▶ **Exercise objective**:
Please return, with no alterations, the lines below from the very first through the one that contains "Distinction : Annick".

Collected data entries:
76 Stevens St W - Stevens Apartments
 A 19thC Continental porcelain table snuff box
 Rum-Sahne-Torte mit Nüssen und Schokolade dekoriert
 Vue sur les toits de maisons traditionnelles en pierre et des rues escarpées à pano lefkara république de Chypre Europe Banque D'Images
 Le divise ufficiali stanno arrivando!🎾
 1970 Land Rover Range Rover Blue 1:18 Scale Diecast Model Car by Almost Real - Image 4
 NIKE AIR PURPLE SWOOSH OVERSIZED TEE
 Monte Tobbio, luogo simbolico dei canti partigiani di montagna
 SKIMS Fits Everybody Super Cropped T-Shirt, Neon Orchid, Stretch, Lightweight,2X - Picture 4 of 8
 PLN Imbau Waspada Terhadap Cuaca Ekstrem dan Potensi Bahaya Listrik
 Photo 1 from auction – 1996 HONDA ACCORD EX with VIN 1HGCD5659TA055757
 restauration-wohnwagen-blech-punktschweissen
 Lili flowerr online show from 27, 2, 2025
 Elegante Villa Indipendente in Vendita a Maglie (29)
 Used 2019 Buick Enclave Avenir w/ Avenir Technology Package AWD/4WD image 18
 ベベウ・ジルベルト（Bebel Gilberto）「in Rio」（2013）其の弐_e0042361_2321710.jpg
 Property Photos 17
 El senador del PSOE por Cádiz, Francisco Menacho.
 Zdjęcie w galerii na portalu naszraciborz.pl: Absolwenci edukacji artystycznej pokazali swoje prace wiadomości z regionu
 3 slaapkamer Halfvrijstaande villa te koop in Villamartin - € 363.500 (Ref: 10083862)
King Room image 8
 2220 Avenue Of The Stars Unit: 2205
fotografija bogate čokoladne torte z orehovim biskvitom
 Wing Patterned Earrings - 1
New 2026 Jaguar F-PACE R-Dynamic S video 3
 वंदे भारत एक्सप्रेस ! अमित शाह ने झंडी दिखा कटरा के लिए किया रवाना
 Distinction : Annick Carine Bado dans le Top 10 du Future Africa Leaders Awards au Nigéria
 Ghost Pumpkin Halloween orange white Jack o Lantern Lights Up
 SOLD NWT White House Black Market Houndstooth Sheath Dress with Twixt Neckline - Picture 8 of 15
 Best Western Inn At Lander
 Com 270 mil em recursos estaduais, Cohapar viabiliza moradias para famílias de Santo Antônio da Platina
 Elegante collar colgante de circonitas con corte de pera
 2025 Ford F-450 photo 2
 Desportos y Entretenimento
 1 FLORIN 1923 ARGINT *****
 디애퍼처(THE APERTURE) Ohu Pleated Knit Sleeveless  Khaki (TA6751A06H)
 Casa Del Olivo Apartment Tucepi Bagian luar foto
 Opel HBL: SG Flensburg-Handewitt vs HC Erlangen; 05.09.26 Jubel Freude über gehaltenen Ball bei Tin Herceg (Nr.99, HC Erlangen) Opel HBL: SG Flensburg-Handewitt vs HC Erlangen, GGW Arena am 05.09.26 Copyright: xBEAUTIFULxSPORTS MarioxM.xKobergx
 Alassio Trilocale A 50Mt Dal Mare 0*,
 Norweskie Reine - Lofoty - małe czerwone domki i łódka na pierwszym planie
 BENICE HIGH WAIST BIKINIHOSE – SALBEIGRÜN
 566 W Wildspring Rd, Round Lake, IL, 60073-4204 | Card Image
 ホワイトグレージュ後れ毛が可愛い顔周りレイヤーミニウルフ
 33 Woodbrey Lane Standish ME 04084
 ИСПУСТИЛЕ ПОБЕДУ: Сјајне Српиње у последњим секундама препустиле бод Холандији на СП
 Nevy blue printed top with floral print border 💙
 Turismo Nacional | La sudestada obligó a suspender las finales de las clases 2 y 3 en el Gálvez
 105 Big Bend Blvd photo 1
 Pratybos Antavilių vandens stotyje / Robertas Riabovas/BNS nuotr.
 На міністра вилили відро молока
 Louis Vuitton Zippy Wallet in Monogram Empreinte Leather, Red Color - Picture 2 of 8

▶ **Output for this task**:
76 Stevens St W - Stevens Apartments
 A 19thC Continental porcelain table snuff box
 Rum-Sahne-Torte mit Nüssen und Schokolade dekoriert
 Vue sur les toits de maisons traditionnelles en pierre et des rues escarpées à pano lefkara république de Chypre Europe Banque D'Images
 Le divise ufficiali stanno arrivando!🎾
 1970 Land Rover Range Rover Blue 1:18 Scale Diecast Model Car by Almost Real - Image 4
 NIKE AIR PURPLE SWOOSH OVERSIZED TEE
 Monte Tobbio, luogo simbolico dei canti partigiani di montagna
 SKIMS Fits Everybody Super Cropped T-Shirt, Neon Orchid, Stretch, Lightweight,2X - Picture 4 of 8
 PLN Imbau Waspada Terhadap Cuaca Ekstrem dan Potensi Bahaya Listrik
 Photo 1 from auction – 1996 HONDA ACCORD EX with VIN 1HGCD5659TA055757
 restauration-wohnwagen-blech-punktschweissen
 Lili flowerr online show from 27, 2, 2025
 Elegante Villa Indipendente in Vendita a Maglie (29)
 Used 2019 Buick Enclave Avenir w/ Avenir Technology Package AWD/4WD image 18
 ベベウ・ジルベルト（Bebel Gilberto）「in Rio」（2013）其の弐_e0042361_2321710.jpg
 Property Photos 17
 El senador del PSOE por Cádiz, Francisco Menacho.
 Zdjęcie w galerii na portalu naszraciborz.pl: Absolwenci edukacji artystycznej pokazali swoje prace wiadomości z regionu
 3 slaapkamer Halfvrijstaande villa te koop in Villamartin - € 363.500 (Ref: 10083862)
King Room image 8
 2220 Avenue Of The Stars Unit: 2205
fotografija bogate čokoladne torte z orehovim biskvitom
 Wing Patterned Earrings - 1
New 2026 Jaguar F-PACE R-Dynamic S video 3
 वंदे भारत एक्सप्रेस ! अमित शाह ने झंडी दिखा कटरा के लिए किया रवाना
 Distinction : Annick Carine Bado dans le Top 10 du Future Africa Leaders Awards au Nigéria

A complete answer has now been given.